先日、恐喝未遂容疑で逮捕されたショーケンこと萩原健一容疑者の逮捕前の記者会見や詩文の盗作問題で活動を停止していた安倍なつみさんの復帰会見などでも、興味を持って見ていた視聴者は、テレビから流れてくる映像から何らかのメタメッセージを受け取っていたと思います。

逮捕前の萩原健一氏の表情や言語表現は、状況や相手に即した柔軟性を失い、瞬きの数が極端に少なく、大きく見開いた目からは防衛的な威圧と切迫感が伝わってきました。
相手の言葉に矛盾のない答えを返せない余裕の無さが、早口でまくしたてるような弁舌につながり、情緒の不安定感が、正確な発音と音韻を乱して甲高く声を裏返させてしまうのは、危機に直面した人間の生理的機構から説明できます。

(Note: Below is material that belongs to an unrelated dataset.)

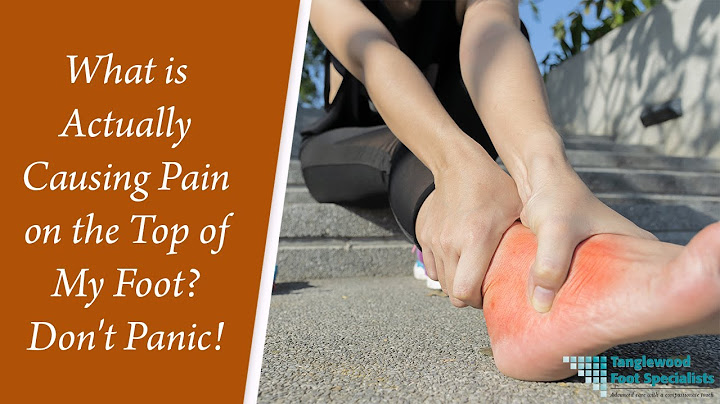 Pain below toes on top of foot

どんなに普段平静な人でも、真に差し迫った闘争や危機の前では、不安を感じてその不安を回避する為に心拍数や呼吸数が変動し、情動の制御が不完全になります。安定しない情緒や思考が、緊張を生み出し、声の調子の変化や手足の振るえ、大量の発汗などになって表面化してきます。
この事件の場合には、明らかな違法行為に対する防衛といった趣きや過去の心理的に依拠していた姉の死去の影響などが強いと推測されますが、こういった生理学的な不安反応は、本人の意見や態度が正しいとか間違っているとかいう真偽判断とは別に起こってきます。ですから、一般的な社会行動において、発言時に声が震えるから嘘を言っているとか、大量の汗をかいているから何かを隠しているという判断は妥当ではありません。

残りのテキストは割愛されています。